China’s HNA to Buy Carlson Hotels Group
Carlson Rezidor Hotel Group, the home to brands including Radisson and Country Inns & Suites, will be sold to a unit of Chinese conglomerate HNA Group.
The Wall Street Journal reported in January that parent company Carlson was exploring alternatives for the hotel business. The parent company also owns business travel manager Carlson Wagonlit Travel. Read more>>
Wang Jianlin Re-Loses Title of Asia’s Richest Man to Jack Ma
The title of Asia’s richest man has once again changed hands, after Alibaba chairman Jack Ma recently overtook Dalian Wanda’s Wang Jianlin to the top spot.
According to Bloomberg’s billionaires index, Ma increased his net worth by US$4.3 billion (S$5.8 billion) to US$33.3 billion, after the e-commerce giant’s financial affiliate Ant Financial raised a record amount in funding.
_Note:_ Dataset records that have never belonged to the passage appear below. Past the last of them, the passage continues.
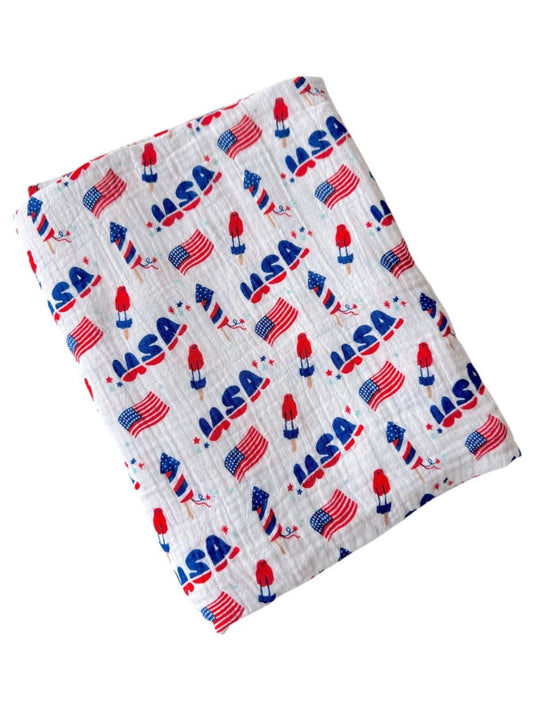 Muslin Swaddle, 4th of July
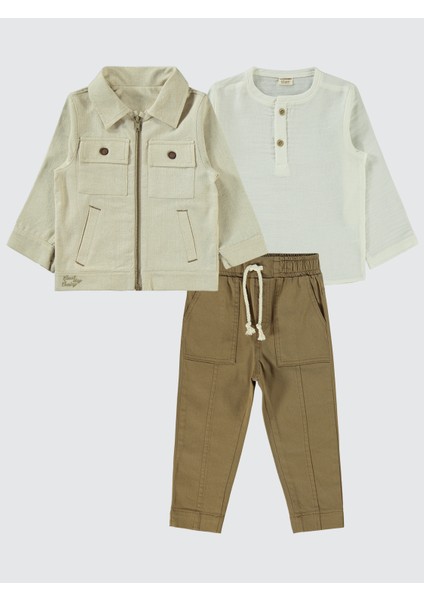 Erkek Çocuk 3'lü Takım 2-5 Yaş Bej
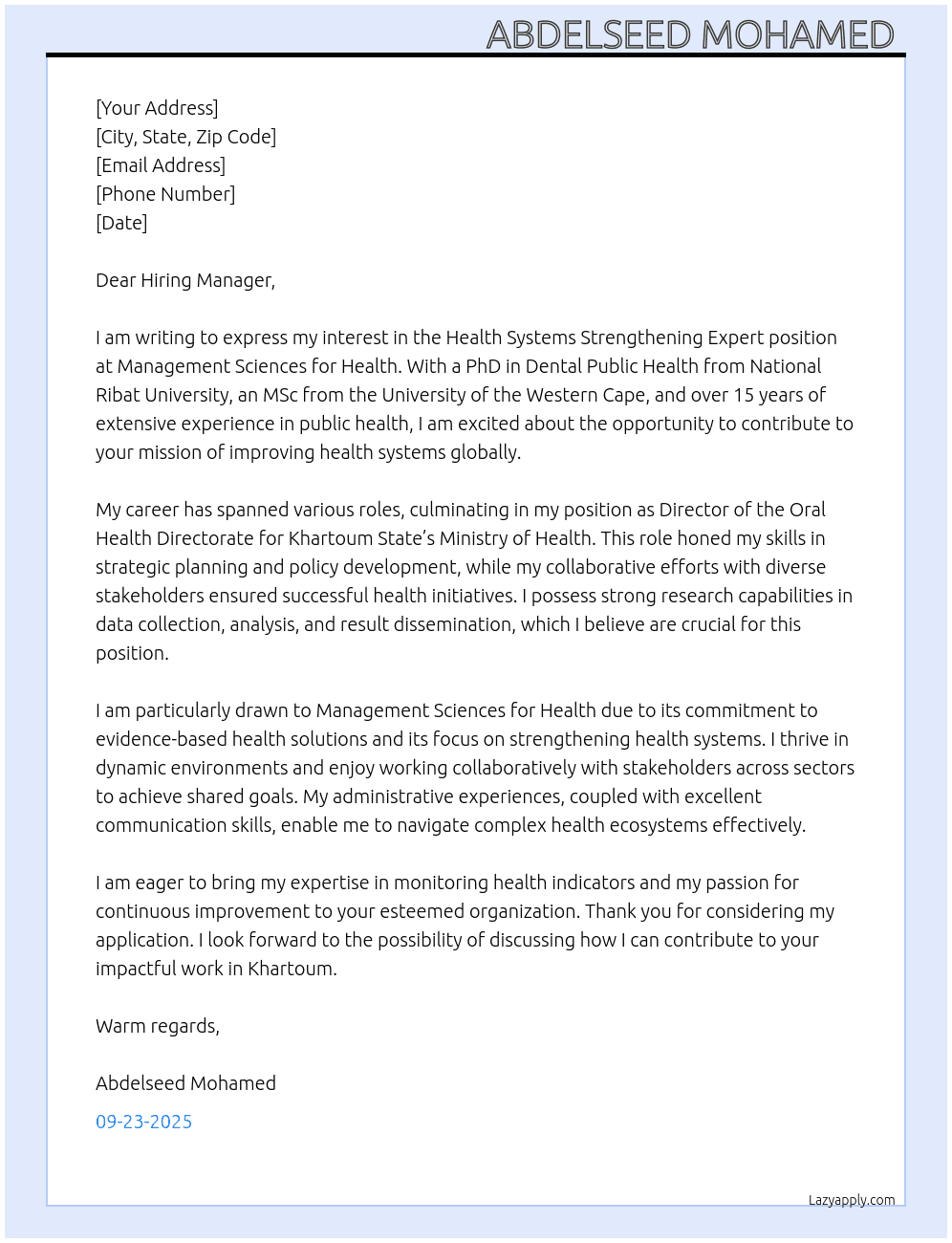 Cover letter for health systems strengthening experts - LazyApply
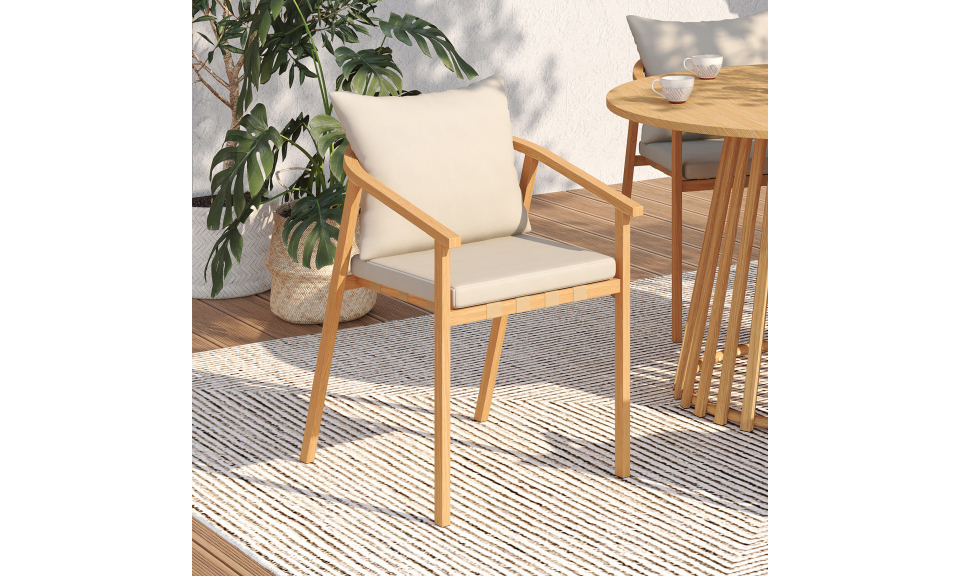 Chaises de jardin Paros métal effet bois et beige - lot de 4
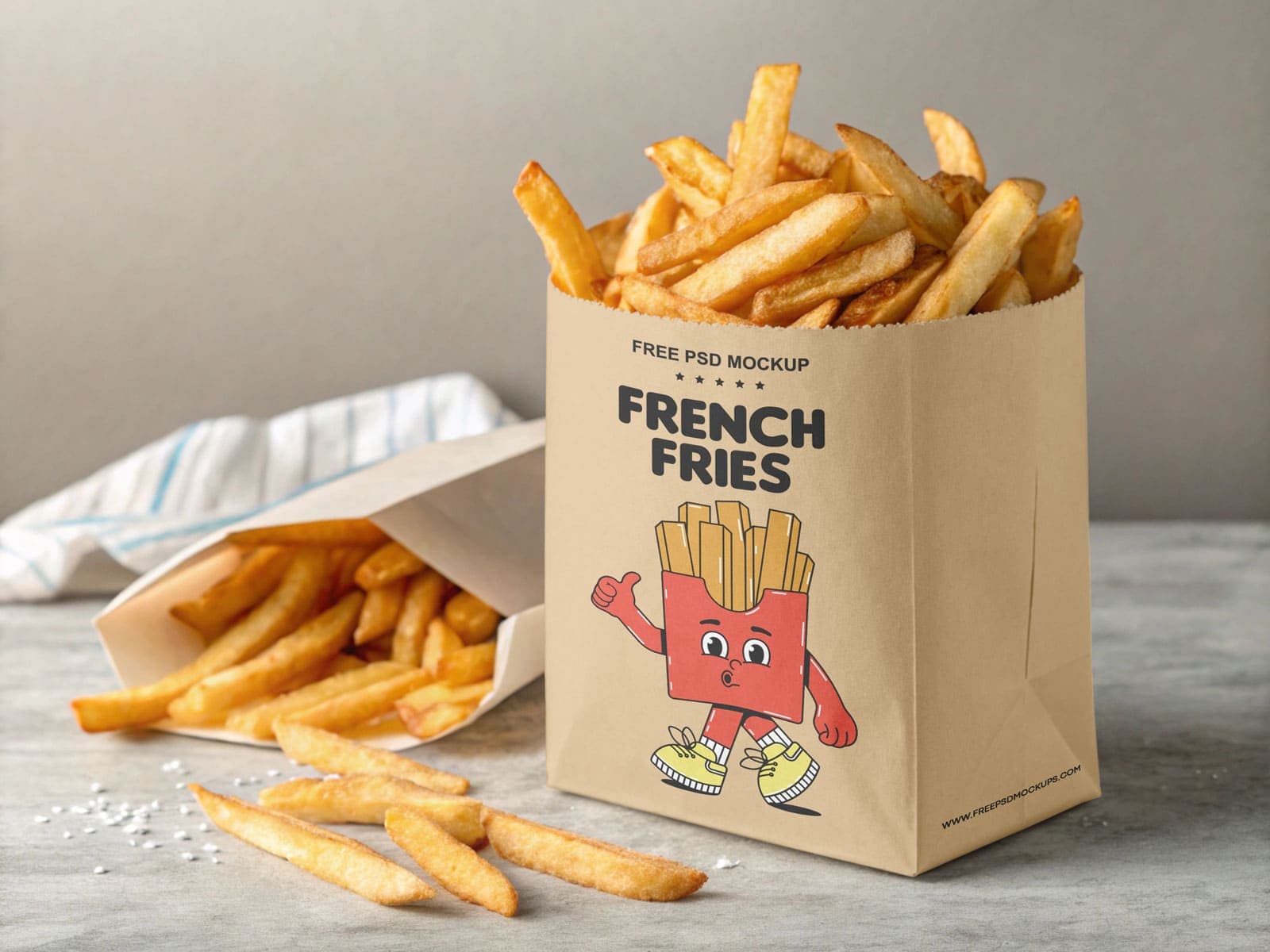 Free French Fries Mockup in Kraft Paper Bag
Read more>>
China Vanke Says Core Profits Up 28% in Q1
China’s largest residential property developer, China Vanke Co Ltd, said its first-quarter core profit rose around 28 percent from the year before, as government measures to support the sector boosted sales of apartments.
Vanke said in a statement late on Wednesday that its core profit was 805.1 million yuan ($124 million) in January-March, up from 628.7 million yuan a year earlier. Read more>>
Sino Land Cuts Prices by 10% on Sai Kung Project
Sino Land has become the latest developer in Hong Kong to cut prices and sweeten its mortgage terms to boost sales in the upcoming Labour Day week as the city’s once-sizzling property market shows signs of losing steam.
The developer on Wednesday announced it is raising the discount for the 30 units on offer at The Mediterranean project in Sai Kung to up to 26 per cent, from December’s 14.5 per cent. Buyers will also receive a first mortgage loan of up to 85 per cent, up from the earlier 80 per cent, of flat value. Read more>>
Big 4 Aussie Bank Stops Lending to Foreign Homebuyers
Banking giant Westpac has stopped lending to foreign property buyers in a surprise move that is likely to spark concerns about a slowdown in residential construction, particularly in capital city apartments.
Australia’s apartment construction boom is being underpinned by a wave of foreign buyers, with many borrowing from local banks to fund part of their home purchase. Read more>>
Chinese Developers Still Shopping for Australian Projects Despite Downturn
Chinese property investors remain interested in the Sydney and Melbourne markets despite a recent housing slowdown, an Australian architect working with Chinese developers says.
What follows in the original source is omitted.